Niestety nadal wiele osób bagatelizuje problem chorób wektorowych (w Polsce przenoszonych przez kleszcze i komary). Zwracamy uwagę na profilaktykę ludzi, tymczasem ryzyko zachorowania u zwierzęcia jest takie samo jak w przypadku człowieka ! Być może nawet większe, ponieważ nasze pupile niestety często na początku nie wykazują objawów choroby, a kleszcze dużo chętniej i liczniej atakują zwierzaki, które spędzają w ich środowisku życia( trawach ! kleszcze NIE skaczą z drzew!) dużo więcej czasu niż człowiek.

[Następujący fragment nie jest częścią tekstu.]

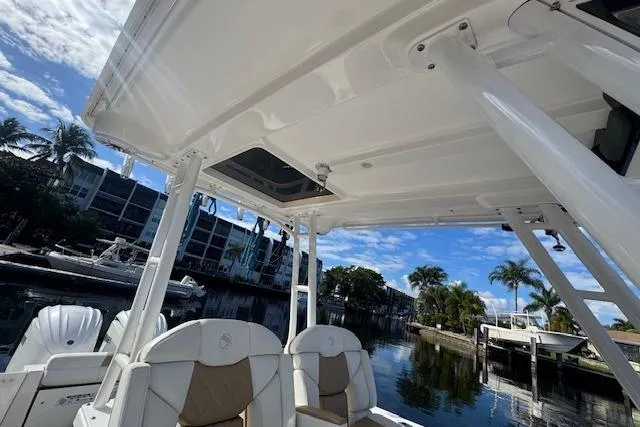  Yacht Photos Pics 2022 Edgewater 280CC boat interior with seating, docked near waterfront homes.
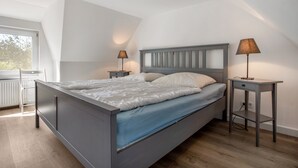 Ein modernes Schlafzimmer mit einem Bett, zwei Nachttischen und einem Fenster.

Choroby odkleszczowe mogą być nawet śmiertelne zarówno dla psów jak i kotów. W Polsce pasożyty te przenoszą mikroorganizmy odpowiedzialne za wywołanie taki chorób jak: babesioza, borelioza, anaplazmoza, odkleszczowe zapalenie mózgu czy erlichioza. .
W Polsce problemem są już nie tylko kleszcze ale także komary (które również atakują psy i koty, nie tylko te krótkowłose ) ! Od kilku lat spotyka się wzrost ilości zachorowań na dwie postaci dirofilariozy : podskórnej i sercowo-płucnej. Choroby te stały się rodzime, spotykane są u psów ( a także u ludzi!) którzy nigdy nie przekroczyli granic państwa. Komary mogą też przenosić leiszmanioze.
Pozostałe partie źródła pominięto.